* _Task_
Find the line containing "Pulverizador 1 Litro Transparente" in the material below, then please transcribe it and each line after it exactly, without the pictures.

──────── Record set ────────

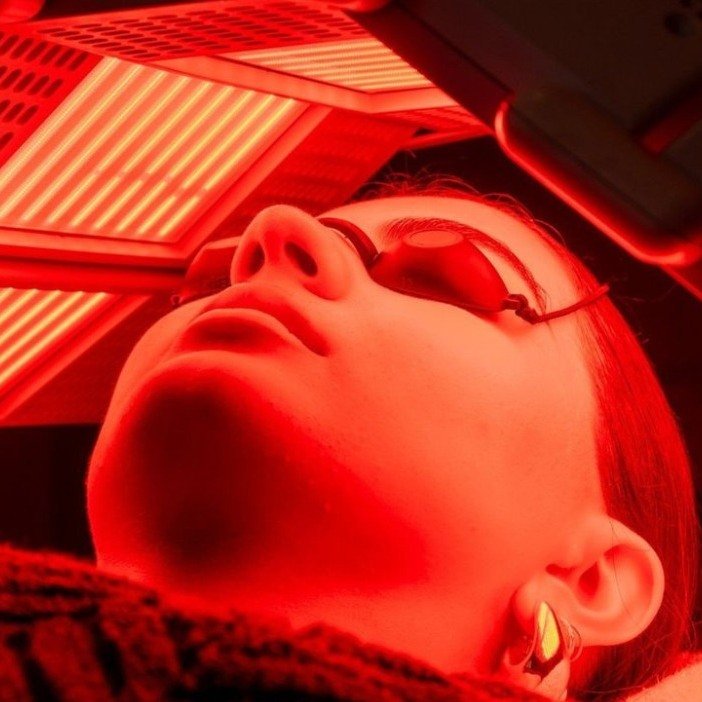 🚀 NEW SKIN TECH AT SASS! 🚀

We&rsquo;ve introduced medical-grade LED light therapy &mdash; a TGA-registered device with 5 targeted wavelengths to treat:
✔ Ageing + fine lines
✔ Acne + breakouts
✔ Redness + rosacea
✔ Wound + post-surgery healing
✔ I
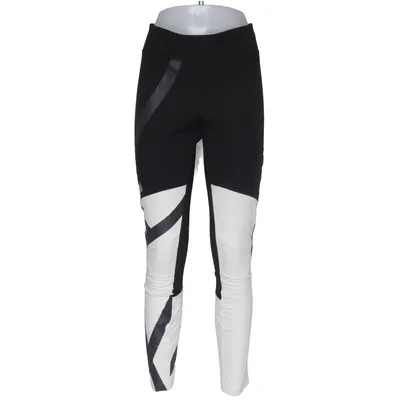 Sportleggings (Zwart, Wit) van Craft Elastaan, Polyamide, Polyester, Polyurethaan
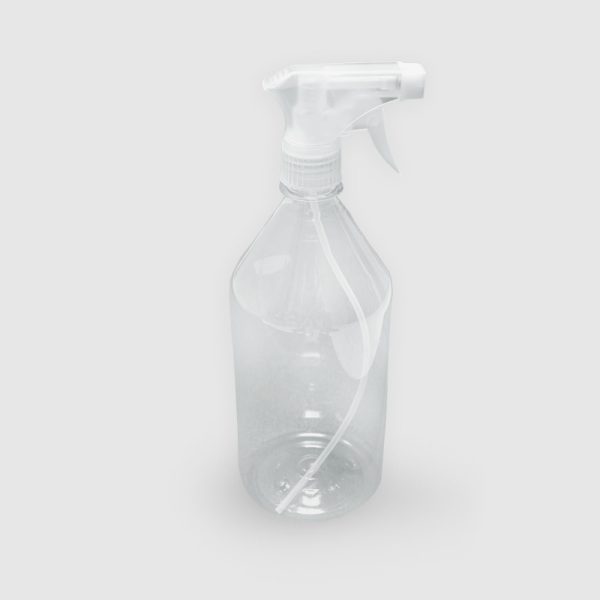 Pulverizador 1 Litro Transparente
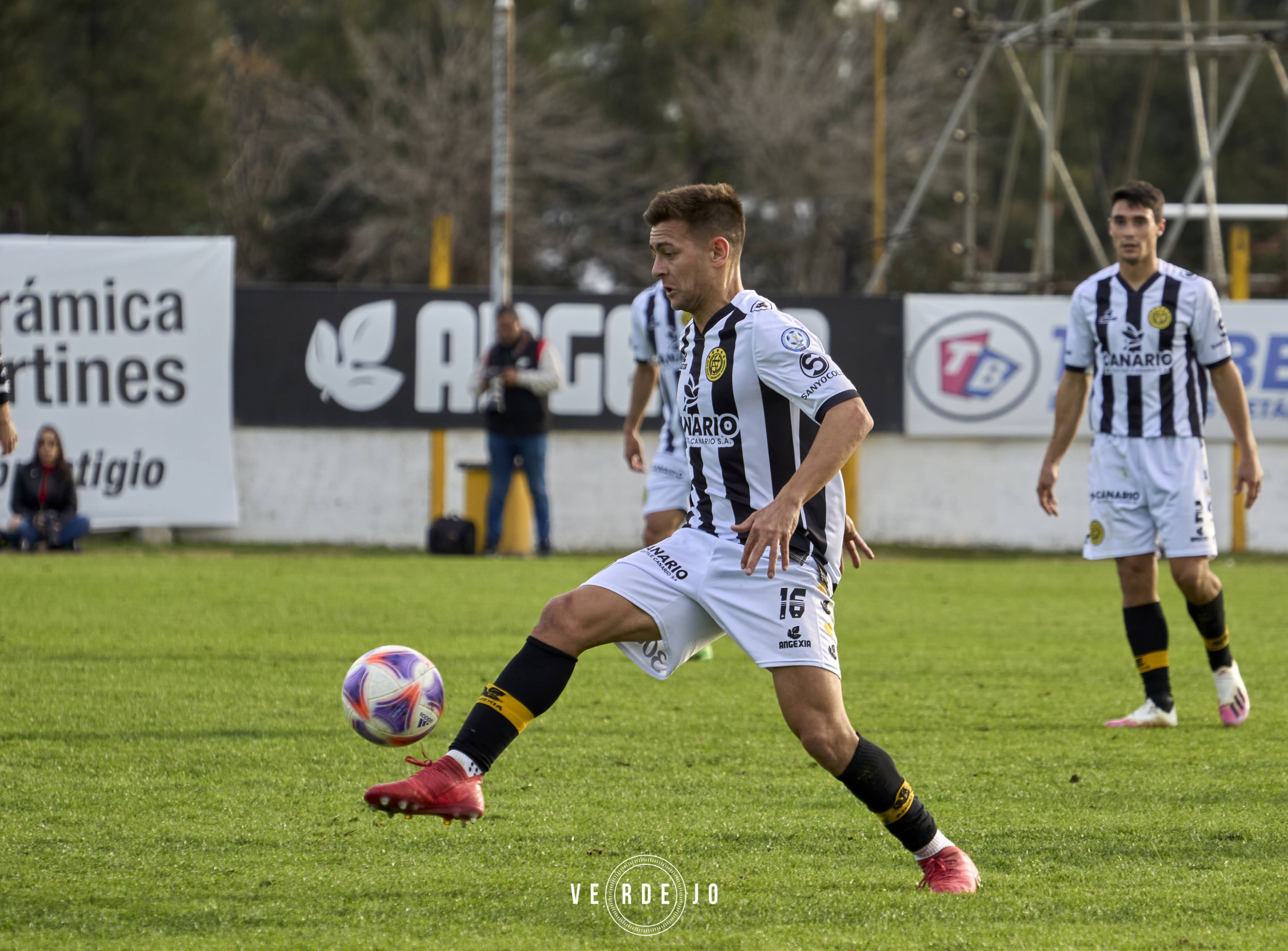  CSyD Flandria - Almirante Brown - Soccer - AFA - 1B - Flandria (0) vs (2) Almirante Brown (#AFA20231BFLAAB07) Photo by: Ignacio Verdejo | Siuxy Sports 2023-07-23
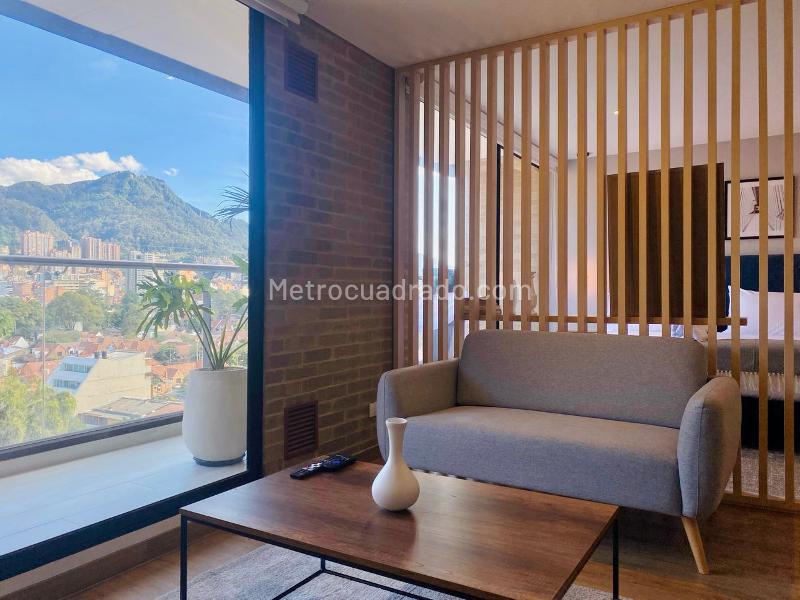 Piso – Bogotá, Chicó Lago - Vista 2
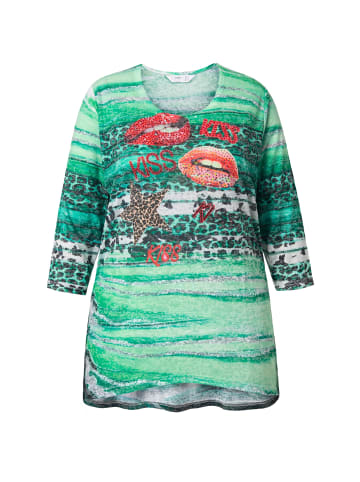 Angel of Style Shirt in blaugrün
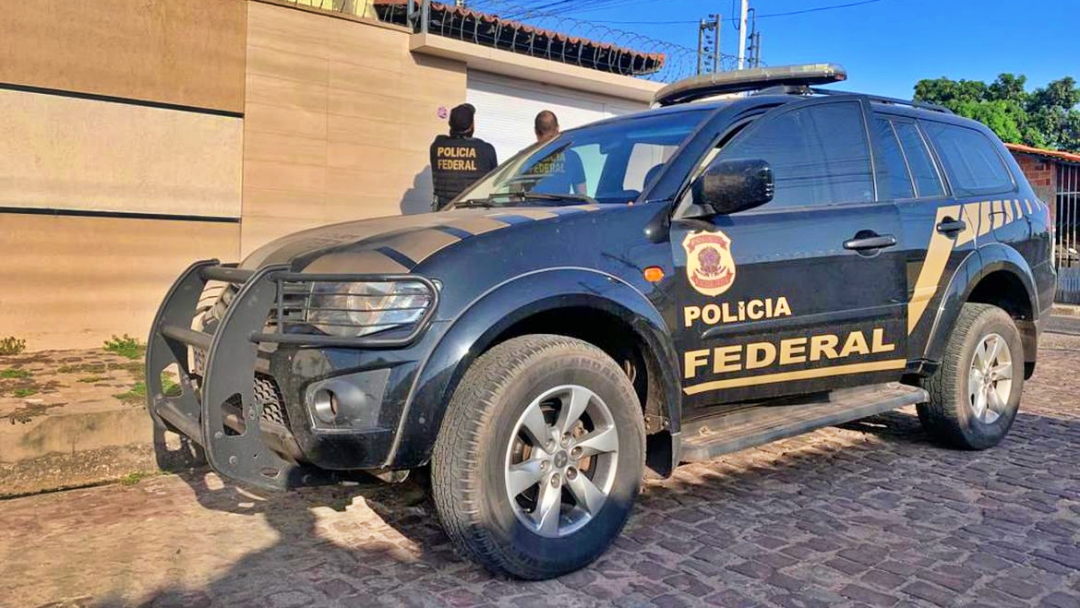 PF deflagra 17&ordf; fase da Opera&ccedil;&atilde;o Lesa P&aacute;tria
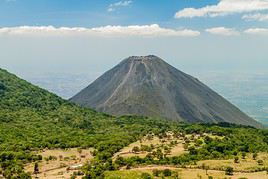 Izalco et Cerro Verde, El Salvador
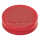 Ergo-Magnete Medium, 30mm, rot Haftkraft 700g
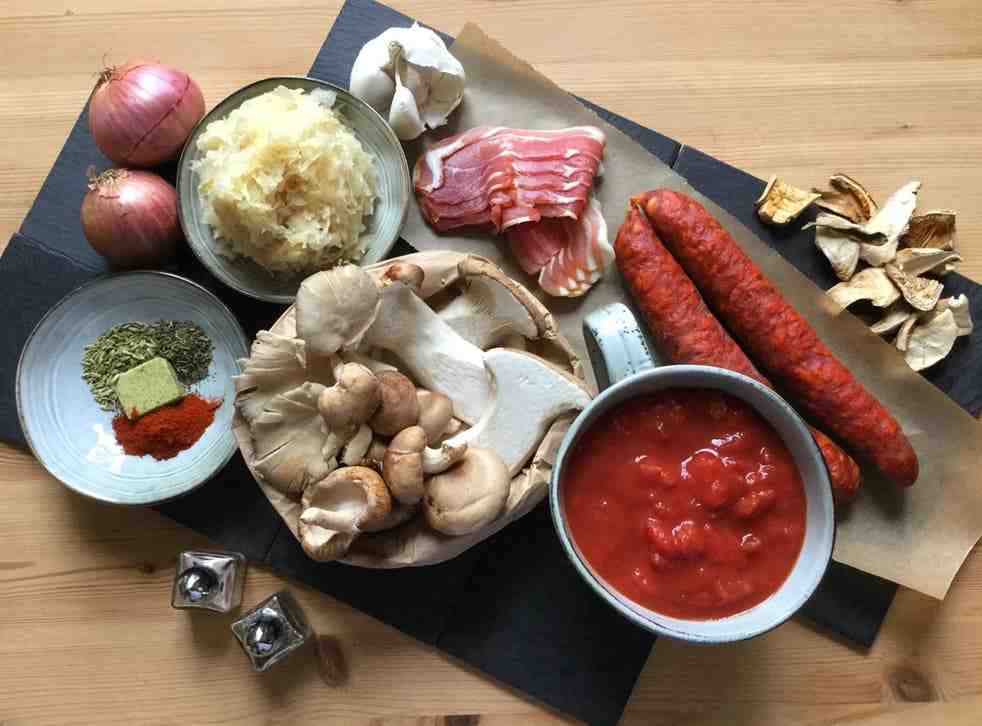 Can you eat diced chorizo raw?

────────

* _Result_
 Pulverizador 1 Litro Transparente
  CSyD Flandria - Almirante Brown - Soccer - AFA - 1B - Flandria (0) vs (2) Almirante Brown (#AFA20231BFLAAB07) Photo by: Ignacio Verdejo | Siuxy Sports 2023-07-23
 Piso – Bogotá, Chicó Lago - Vista 2
 Angel of Style Shirt in blaugrün
 PF deflagra 17&ordf; fase da Opera&ccedil;&atilde;o Lesa P&aacute;tria
 Izalco et Cerro Verde, El Salvador
 Ergo-Magnete Medium, 30mm, rot Haftkraft 700g
 Can you eat diced chorizo raw?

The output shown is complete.